-- Opening Marker --

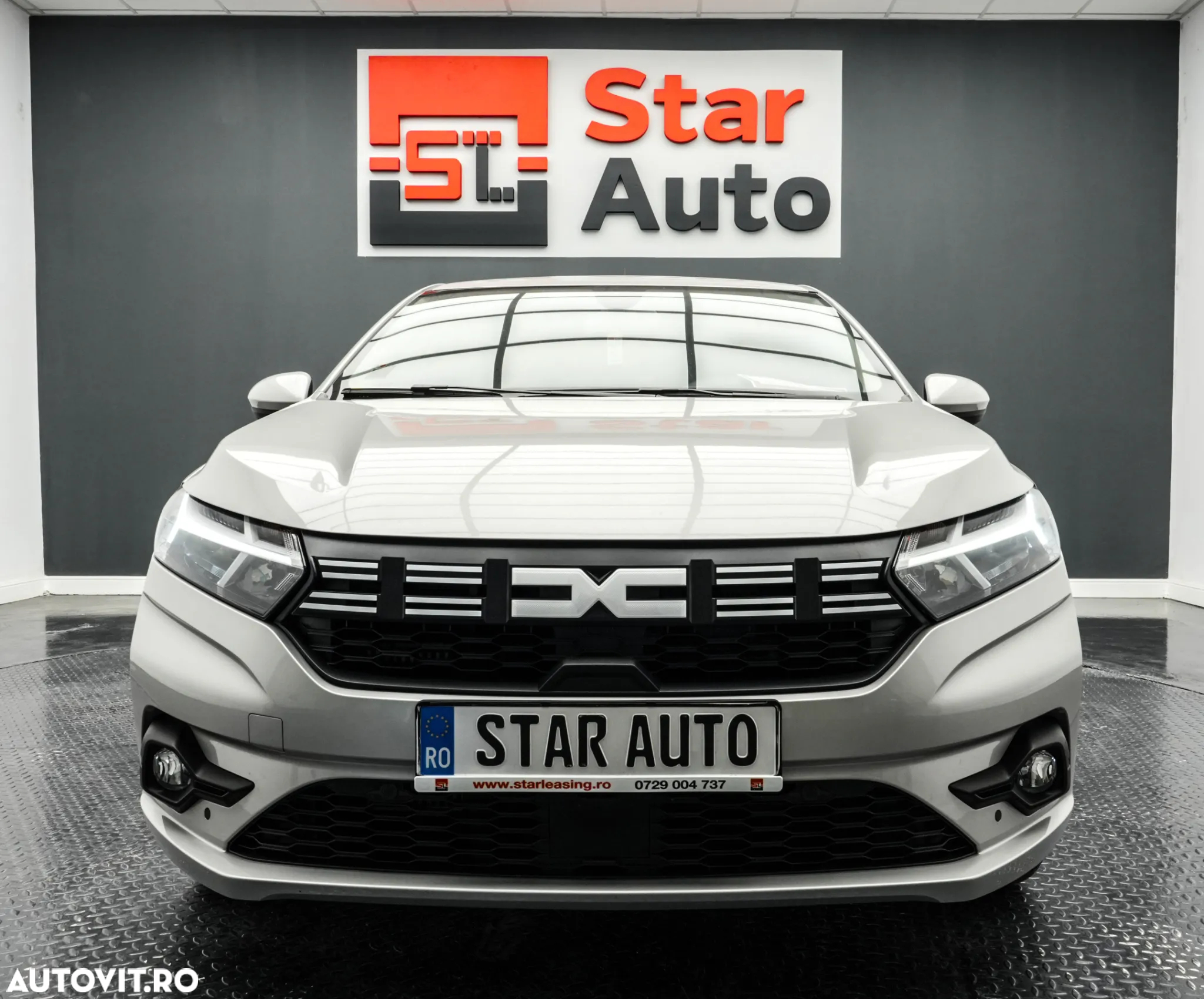 Dacia Logan TCe 90 CVT Prestige - 2
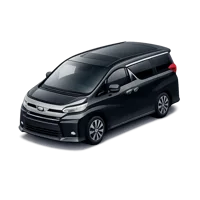 Toyota Vellfire 3D icon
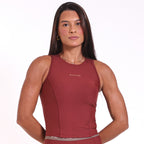 Regata Poly Run Pocket Madder Brown
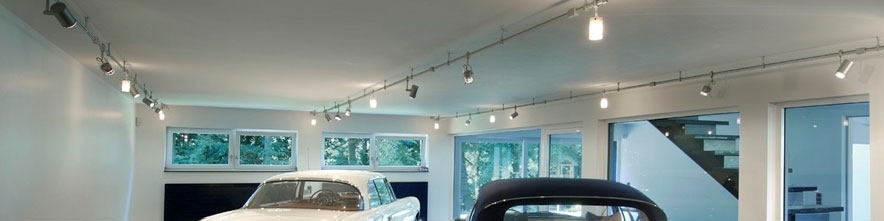 Track Lighting Styles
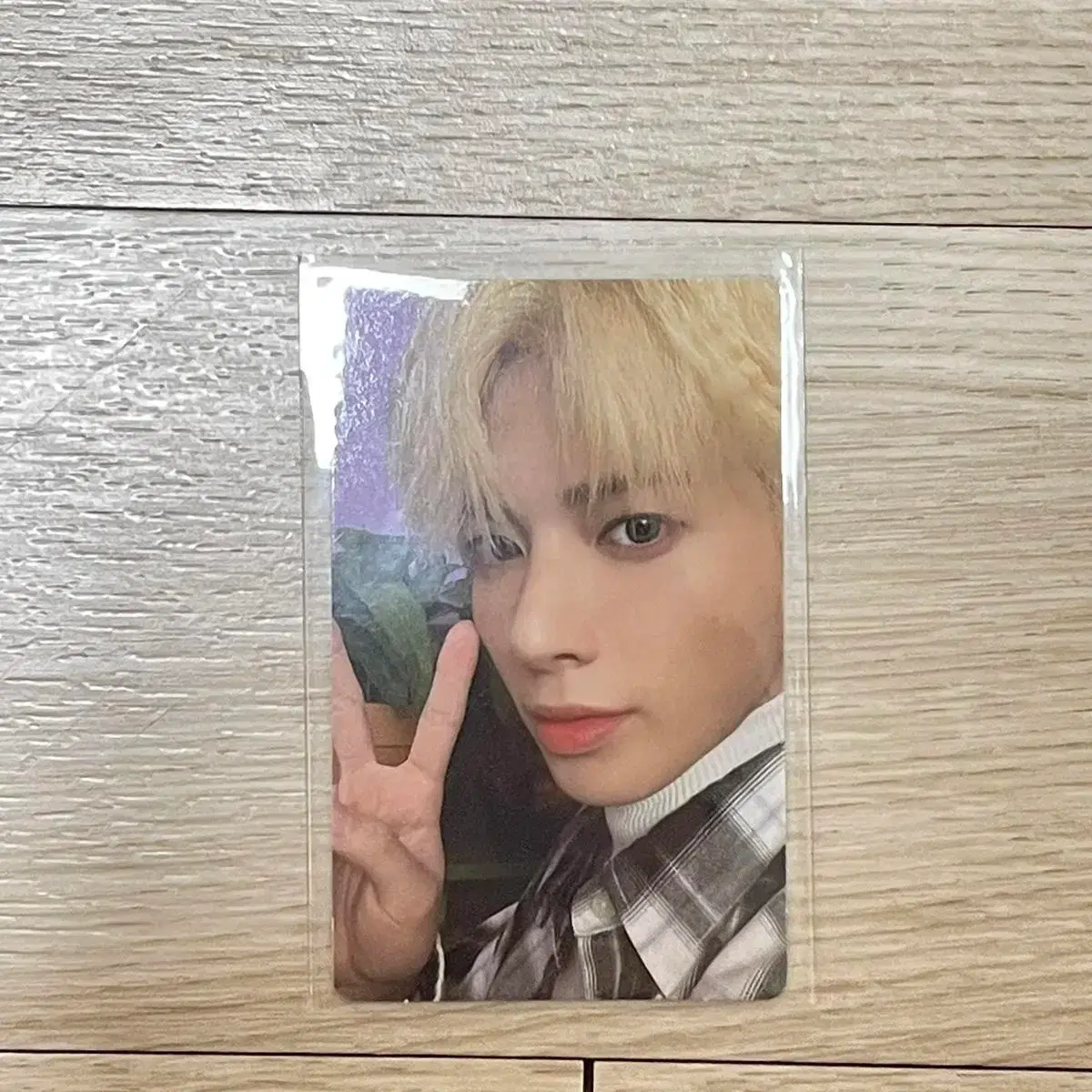 투바투 태현 blue hour 포카 양도 알태현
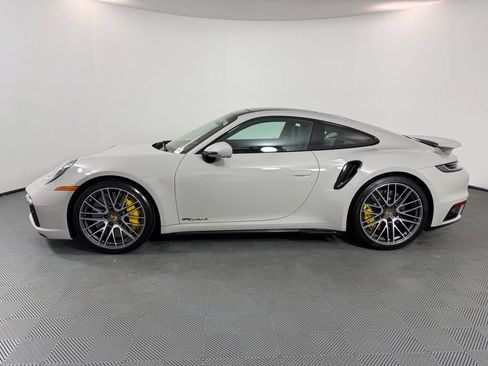 Certified 2024 Porsche 911 Turbo S AWD/4WD image 2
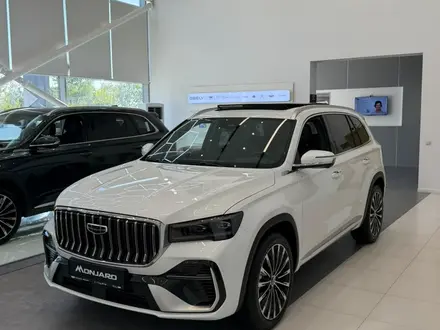 Geely Monjaro 2026 года за 16 590 000 тг. в Атырау – фото 2
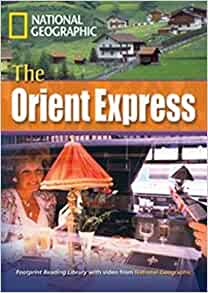 orient express ame 3000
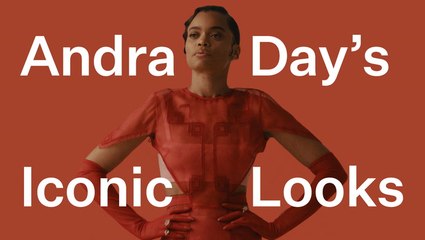 Andra Day Breaks Down The Looks That Made Her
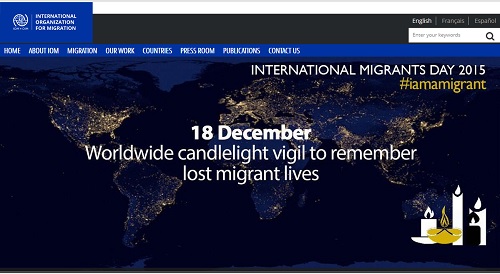 کشته شدن 5000 پناهجو و آواره در مسیر دریای مدیترانه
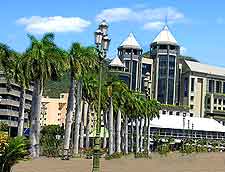 Port Louis view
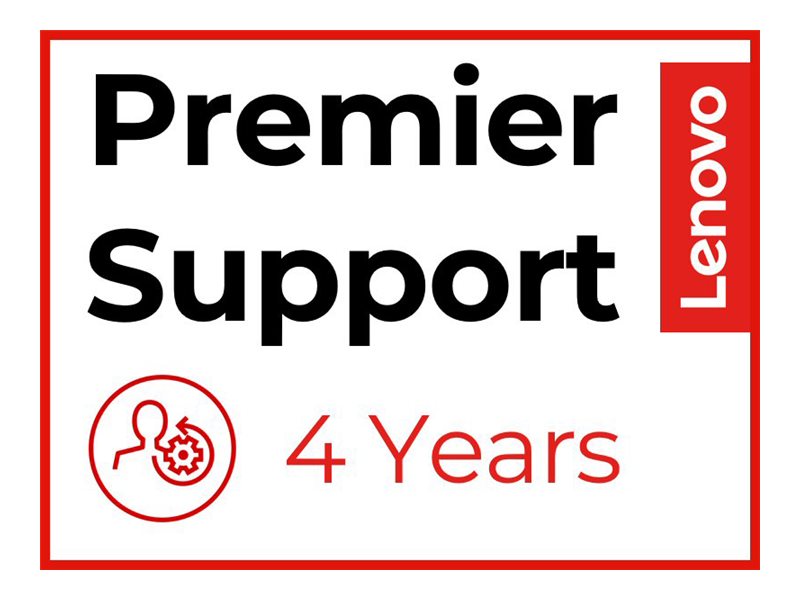 Lenovo Premier Support for AIPC Upgrade - Serviceerweiterung - Arbeitszeit und Ersatzteile (für Notebooks)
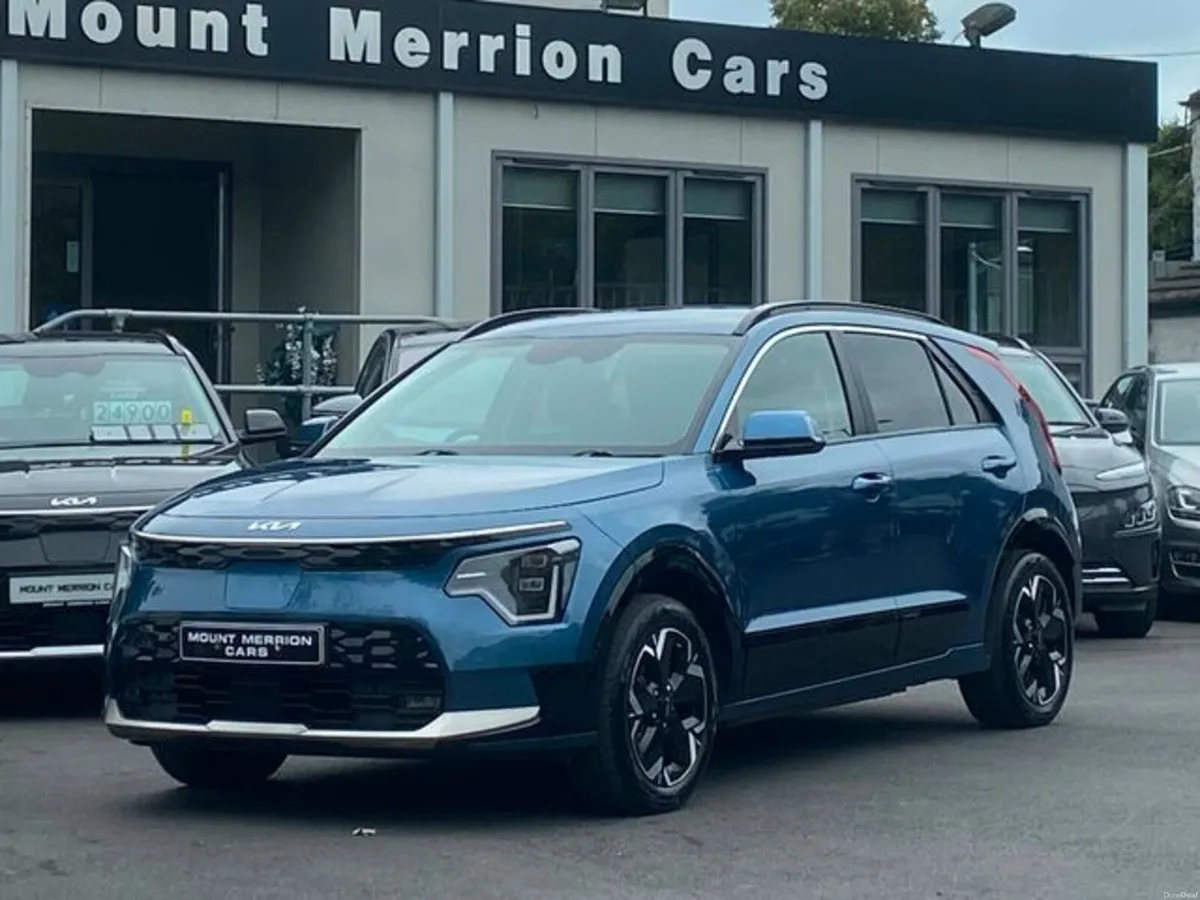 Kia e-Niro EV 65Kw Premium - Image 1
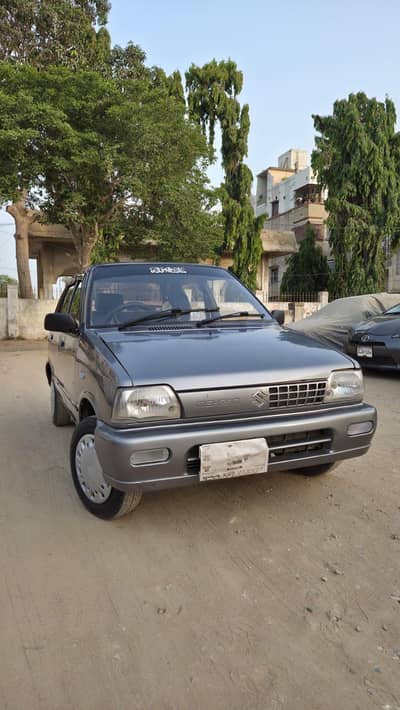 Mehran vxr 2013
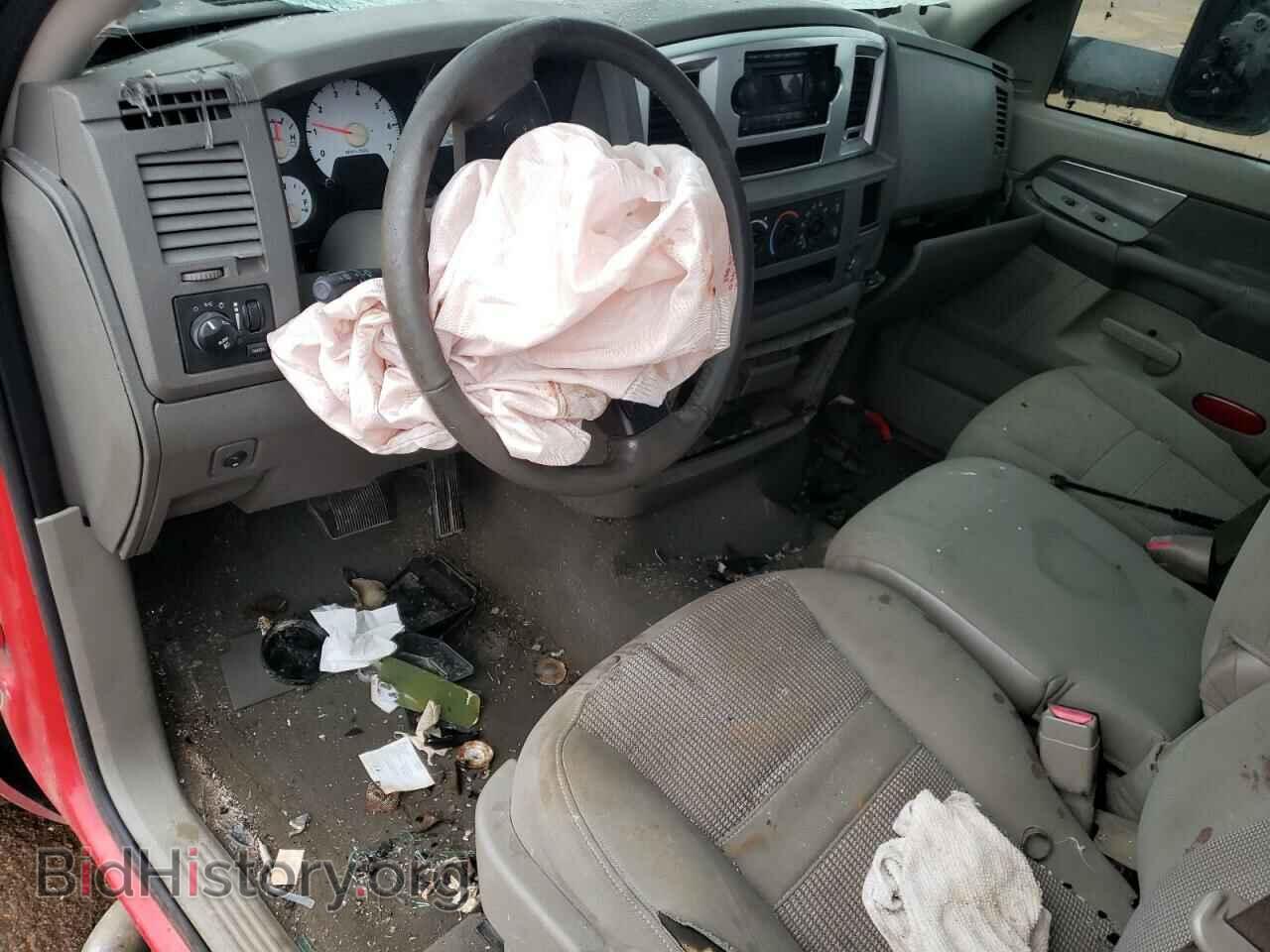 2007 DODGE RAM 1500 - VIN: 1D7HA18P77J570739 - Фото 8
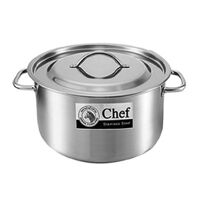 Nồi inox Chef Zebra 271146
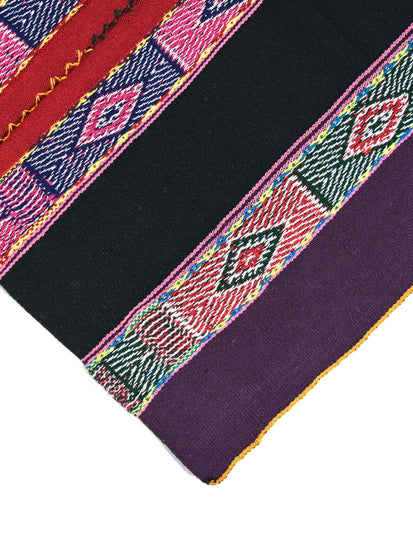 Q'ero Andean Lliklla Mestana Cloth - Inti3 | txm0117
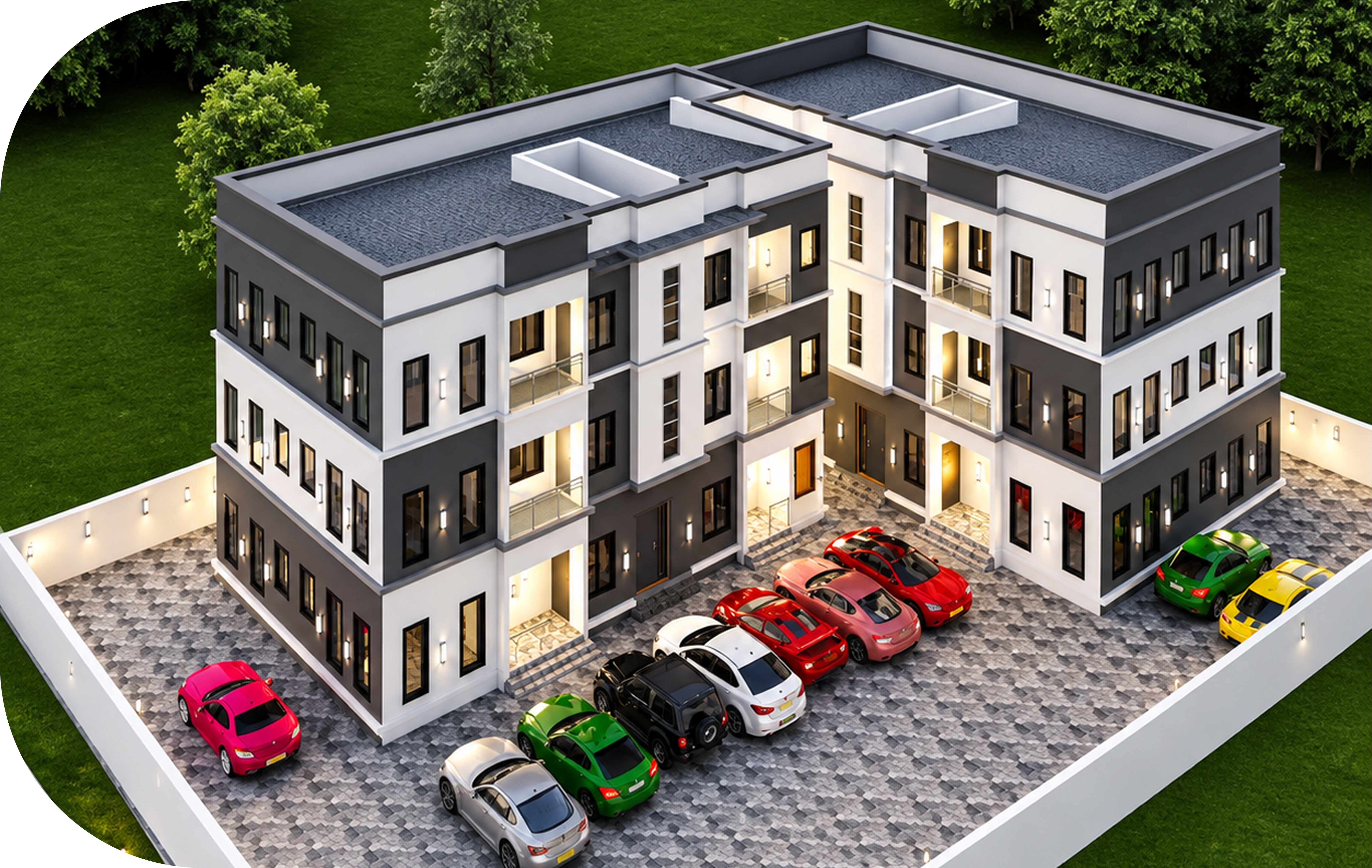 Florence Court residential development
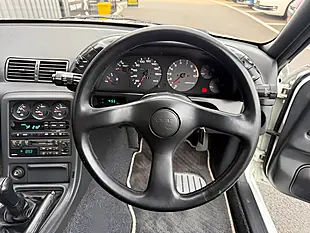 Used 1994 Nissan Skyline R32 GT-R White - Interior and Exterior details 20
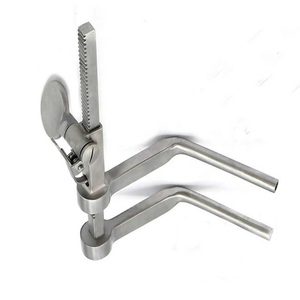 Distractor Cervical de Acero Inoxidable Premium, Instrumento Ortopédico Neuroquirúrgico Reutilizable de Alta Calidad para Cervical Anterior - Product Image 5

-- Closing Marker --

*THE TASK:*
The output is to be the material in full and unaltered, with pictures omitted.

*EXERCISE ANSWER:*
 Dacia Logan TCe 90 CVT Prestige - 2
 Toyota Vellfire 3D icon
 Regata Poly Run Pocket Madder Brown
 Track Lighting Styles
 투바투 태현 blue hour 포카 양도 알태현
 Certified 2024 Porsche 911 Turbo S AWD/4WD image 2
 Geely Monjaro 2026 года за 16 590 000 тг. в Атырау – фото 2
 orient express ame 3000
 Andra Day Breaks Down The Looks That Made Her
 کشته شدن 5000 پناهجو و آواره در مسیر دریای مدیترانه
 Port Louis view
 Lenovo Premier Support for AIPC Upgrade - Serviceerweiterung - Arbeitszeit und Ersatzteile (für Notebooks)
 Kia e-Niro EV 65Kw Premium - Image 1
 Mehran vxr 2013
 2007 DODGE RAM 1500 - VIN: 1D7HA18P77J570739 - Фото 8
 Nồi inox Chef Zebra 271146
 Q'ero Andean Lliklla Mestana Cloth - Inti3 | txm0117
 Florence Court residential development
 Used 1994 Nissan Skyline R32 GT-R White - Interior and Exterior details 20
 Distractor Cervical de Acero Inoxidable Premium, Instrumento Ortopédico Neuroquirúrgico Reutilizable de Alta Calidad para Cervical Anterior - Product Image 5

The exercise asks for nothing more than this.